“The lackluster quality of the film, however, is in no way the fault of the actors.”
“What made it so sad was the ability to see the potential of what the film could have been given the original story and phenomenal cast.”
Adapting a beloved book for film is always a risky undertaking. Certain aspects have an appeal on the page but are difficult to translate on screen. “Winter’s Tale” fell victim to this classic dilemma.
The movie jumps around from the 1890’s to 1915 to present day in a jumbled-up manor that makes it quite difficult for the audience to be sure exactly who or what to focus on.
The movie begins with a thief, Peter Lake, played by Colin Farrell (“Total Recall”) on the run from his previous boss named Pearly Soames, played by Russell Crowe (“Gladiator”). Peter is out of places to run when he turns a corner to find a white horse conveniently waiting for him.
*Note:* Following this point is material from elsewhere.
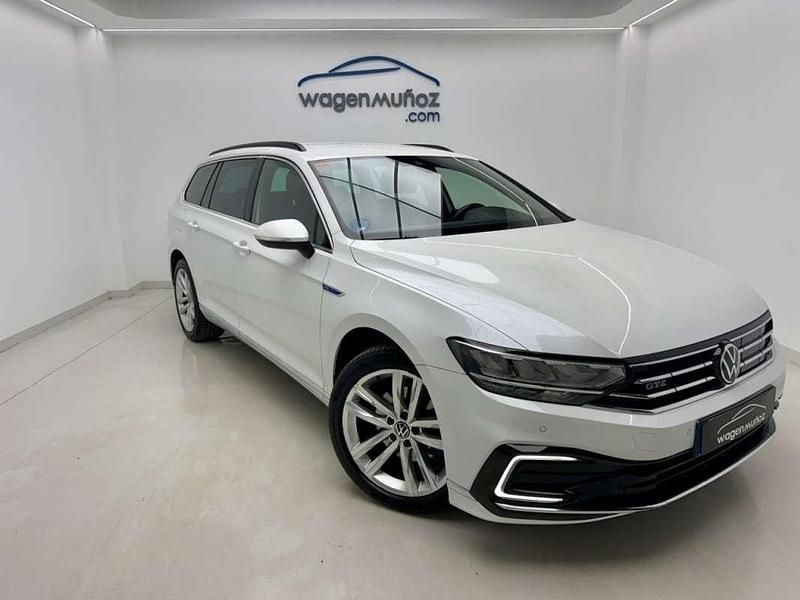 Usado VW Passat GTE 218 CV (160 kW) 2021 Blanco Familiar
The horse then pretty much turns into Pegasus and flies over a fence to help Peter escape, which was probably meant to look like a great special effect. Instead, it just looked like glittery fairy wings that for some reason went straight through Peter’s leg.
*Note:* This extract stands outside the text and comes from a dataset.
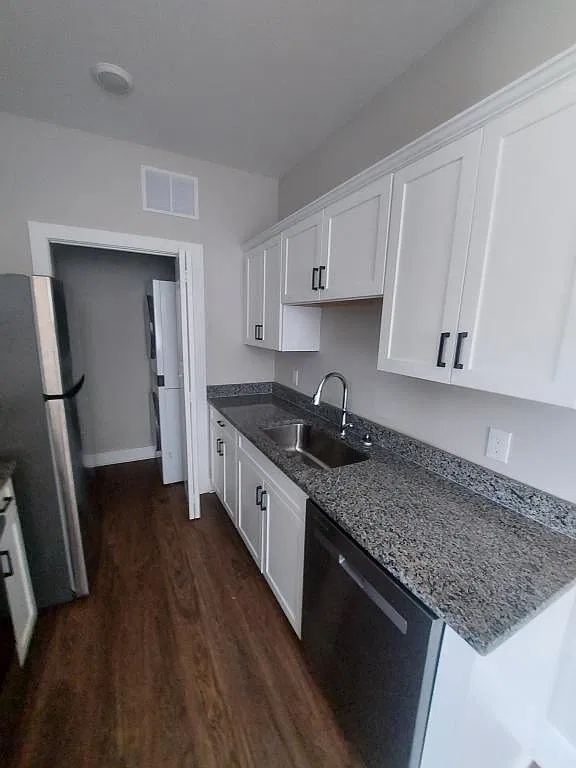 138 Diver Dr — Photo 4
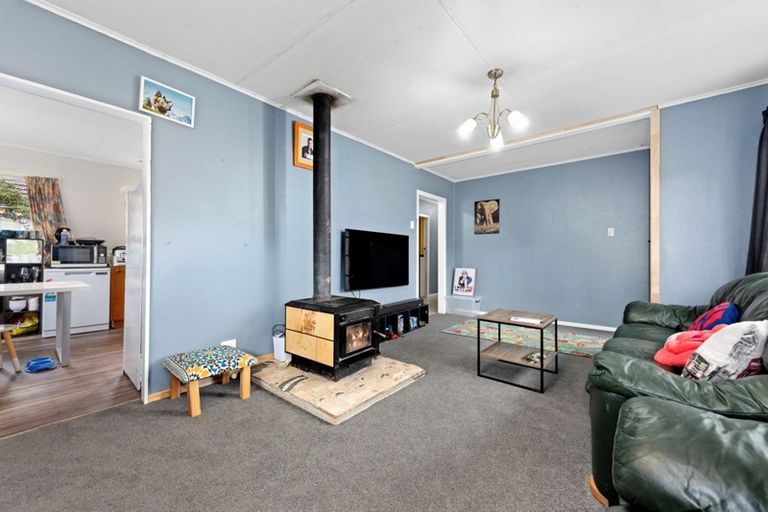 Photo of property in 36 Hamstead Street, Wainuiomata, Lower Hutt, 5014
Peter then decides to skip town, but stops to rob a mansion first where he meets Beverly Pinn played by Jessica Brown Findlay (“Downton Abbey”), a stunning redhead dying from consumption, a form of tuberculosis. They share a pot of tea where Peter agrees not to rob her and instead they fall in love.
Peter becomes convinced that he can somehow save Beverly if he loves her enough. He goes with her and her family to their winter home, which Pearly is prevented from going to by magic.
This movie leaves a lot of open ends and unexplained events. For example, all we know is that something about Peter loving Beverly is one of the worst possible things that could happen to the demon world to which Pearly belongs.
“Winter’s Tale” never really says why Peter and Beverly are so important or why Pearly hates Peter to the level that he does. The entire movie focuses on Peter and his journey like he has some divine purpose and then ends with a cheesy narration about how we are all equally special. If that was the case why was one of the oldest demons (Pearly) on a 100-year journey to stop this one man?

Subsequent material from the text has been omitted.